> Exercise brief
Please write the data out once more, exactly as it is given.

______

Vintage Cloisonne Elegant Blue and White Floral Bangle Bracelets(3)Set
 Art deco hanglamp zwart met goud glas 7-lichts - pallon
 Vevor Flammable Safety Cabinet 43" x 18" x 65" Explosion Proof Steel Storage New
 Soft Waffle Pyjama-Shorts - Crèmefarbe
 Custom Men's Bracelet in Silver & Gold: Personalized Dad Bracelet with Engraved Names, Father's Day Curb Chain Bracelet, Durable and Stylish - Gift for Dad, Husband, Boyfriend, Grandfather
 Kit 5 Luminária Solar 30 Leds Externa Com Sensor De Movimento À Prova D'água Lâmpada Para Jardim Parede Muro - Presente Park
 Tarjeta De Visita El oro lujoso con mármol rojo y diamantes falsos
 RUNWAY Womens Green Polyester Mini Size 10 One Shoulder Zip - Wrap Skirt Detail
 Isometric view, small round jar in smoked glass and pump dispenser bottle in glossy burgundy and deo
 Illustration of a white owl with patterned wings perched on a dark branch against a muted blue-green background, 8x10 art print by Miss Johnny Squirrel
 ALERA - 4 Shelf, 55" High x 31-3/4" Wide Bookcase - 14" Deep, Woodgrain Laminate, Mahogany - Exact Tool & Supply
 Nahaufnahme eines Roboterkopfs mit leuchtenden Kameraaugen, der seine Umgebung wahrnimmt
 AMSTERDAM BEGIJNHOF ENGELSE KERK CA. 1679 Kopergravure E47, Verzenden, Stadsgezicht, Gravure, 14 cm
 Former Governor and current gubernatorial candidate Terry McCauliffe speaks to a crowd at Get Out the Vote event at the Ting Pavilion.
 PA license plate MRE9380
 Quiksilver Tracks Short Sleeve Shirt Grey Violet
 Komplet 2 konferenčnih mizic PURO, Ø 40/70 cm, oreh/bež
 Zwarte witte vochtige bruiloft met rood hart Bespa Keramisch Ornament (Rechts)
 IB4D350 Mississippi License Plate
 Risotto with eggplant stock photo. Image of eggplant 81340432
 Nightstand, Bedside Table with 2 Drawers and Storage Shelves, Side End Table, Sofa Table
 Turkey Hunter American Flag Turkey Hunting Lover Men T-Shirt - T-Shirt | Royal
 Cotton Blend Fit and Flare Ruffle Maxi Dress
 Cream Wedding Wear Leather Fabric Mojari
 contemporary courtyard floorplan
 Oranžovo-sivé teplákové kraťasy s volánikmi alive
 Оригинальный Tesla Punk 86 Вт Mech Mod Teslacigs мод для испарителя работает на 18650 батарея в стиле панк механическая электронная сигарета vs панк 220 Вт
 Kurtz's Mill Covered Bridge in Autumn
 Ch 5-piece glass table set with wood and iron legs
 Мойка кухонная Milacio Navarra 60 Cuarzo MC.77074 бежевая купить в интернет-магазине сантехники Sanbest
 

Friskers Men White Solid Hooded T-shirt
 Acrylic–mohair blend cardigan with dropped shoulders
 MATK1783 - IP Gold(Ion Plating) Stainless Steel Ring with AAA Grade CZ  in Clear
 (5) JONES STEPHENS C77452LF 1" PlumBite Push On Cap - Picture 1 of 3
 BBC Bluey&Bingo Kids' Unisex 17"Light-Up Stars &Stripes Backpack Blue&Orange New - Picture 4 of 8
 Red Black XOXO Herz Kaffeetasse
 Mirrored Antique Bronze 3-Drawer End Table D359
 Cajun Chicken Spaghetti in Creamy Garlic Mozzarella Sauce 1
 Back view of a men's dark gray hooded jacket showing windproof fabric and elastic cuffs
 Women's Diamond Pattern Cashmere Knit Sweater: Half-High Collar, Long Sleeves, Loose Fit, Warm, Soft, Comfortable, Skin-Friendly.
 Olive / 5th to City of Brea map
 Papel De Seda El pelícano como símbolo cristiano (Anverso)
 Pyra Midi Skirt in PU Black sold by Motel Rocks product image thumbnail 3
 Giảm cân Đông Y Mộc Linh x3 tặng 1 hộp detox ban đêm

______

> Answer section
Vintage Cloisonne Elegant Blue and White Floral Bangle Bracelets(3)Set
 Art deco hanglamp zwart met goud glas 7-lichts - pallon
 Vevor Flammable Safety Cabinet 43" x 18" x 65" Explosion Proof Steel Storage New
 Soft Waffle Pyjama-Shorts - Crèmefarbe
 Custom Men's Bracelet in Silver & Gold: Personalized Dad Bracelet with Engraved Names, Father's Day Curb Chain Bracelet, Durable and Stylish - Gift for Dad, Husband, Boyfriend, Grandfather
 Kit 5 Luminária Solar 30 Leds Externa Com Sensor De Movimento À Prova D'água Lâmpada Para Jardim Parede Muro - Presente Park
 Tarjeta De Visita El oro lujoso con mármol rojo y diamantes falsos
 RUNWAY Womens Green Polyester Mini Size 10 One Shoulder Zip - Wrap Skirt Detail
 Isometric view, small round jar in smoked glass and pump dispenser bottle in glossy burgundy and deo
 Illustration of a white owl with patterned wings perched on a dark branch against a muted blue-green background, 8x10 art print by Miss Johnny Squirrel
 ALERA - 4 Shelf, 55" High x 31-3/4" Wide Bookcase - 14" Deep, Woodgrain Laminate, Mahogany - Exact Tool & Supply
 Nahaufnahme eines Roboterkopfs mit leuchtenden Kameraaugen, der seine Umgebung wahrnimmt
 AMSTERDAM BEGIJNHOF ENGELSE KERK CA. 1679 Kopergravure E47, Verzenden, Stadsgezicht, Gravure, 14 cm
 Former Governor and current gubernatorial candidate Terry McCauliffe speaks to a crowd at Get Out the Vote event at the Ting Pavilion.
 PA license plate MRE9380
 Quiksilver Tracks Short Sleeve Shirt Grey Violet
 Komplet 2 konferenčnih mizic PURO, Ø 40/70 cm, oreh/bež
 Zwarte witte vochtige bruiloft met rood hart Bespa Keramisch Ornament (Rechts)
 IB4D350 Mississippi License Plate
 Risotto with eggplant stock photo. Image of eggplant 81340432
 Nightstand, Bedside Table with 2 Drawers and Storage Shelves, Side End Table, Sofa Table
 Turkey Hunter American Flag Turkey Hunting Lover Men T-Shirt - T-Shirt | Royal
 Cotton Blend Fit and Flare Ruffle Maxi Dress
 Cream Wedding Wear Leather Fabric Mojari
 contemporary courtyard floorplan
 Oranžovo-sivé teplákové kraťasy s volánikmi alive
 Оригинальный Tesla Punk 86 Вт Mech Mod Teslacigs мод для испарителя работает на 18650 батарея в стиле панк механическая электронная сигарета vs панк 220 Вт
 Kurtz's Mill Covered Bridge in Autumn
 Ch 5-piece glass table set with wood and iron legs
 Мойка кухонная Milacio Navarra 60 Cuarzo MC.77074 бежевая купить в интернет-магазине сантехники Sanbest
 

Friskers Men White Solid Hooded T-shirt
 Acrylic–mohair blend cardigan with dropped shoulders
 MATK1783 - IP Gold(Ion Plating) Stainless Steel Ring with AAA Grade CZ  in Clear
 (5) JONES STEPHENS C77452LF 1" PlumBite Push On Cap - Picture 1 of 3
 BBC Bluey&Bingo Kids' Unisex 17"Light-Up Stars &Stripes Backpack Blue&Orange New - Picture 4 of 8
 Red Black XOXO Herz Kaffeetasse
 Mirrored Antique Bronze 3-Drawer End Table D359
 Cajun Chicken Spaghetti in Creamy Garlic Mozzarella Sauce 1
 Back view of a men's dark gray hooded jacket showing windproof fabric and elastic cuffs
 Women's Diamond Pattern Cashmere Knit Sweater: Half-High Collar, Long Sleeves, Loose Fit, Warm, Soft, Comfortable, Skin-Friendly.
 Olive / 5th to City of Brea map
 Papel De Seda El pelícano como símbolo cristiano (Anverso)
 Pyra Midi Skirt in PU Black sold by Motel Rocks product image thumbnail 3
 Giảm cân Đông Y Mộc Linh x3 tặng 1 hộp detox ban đêm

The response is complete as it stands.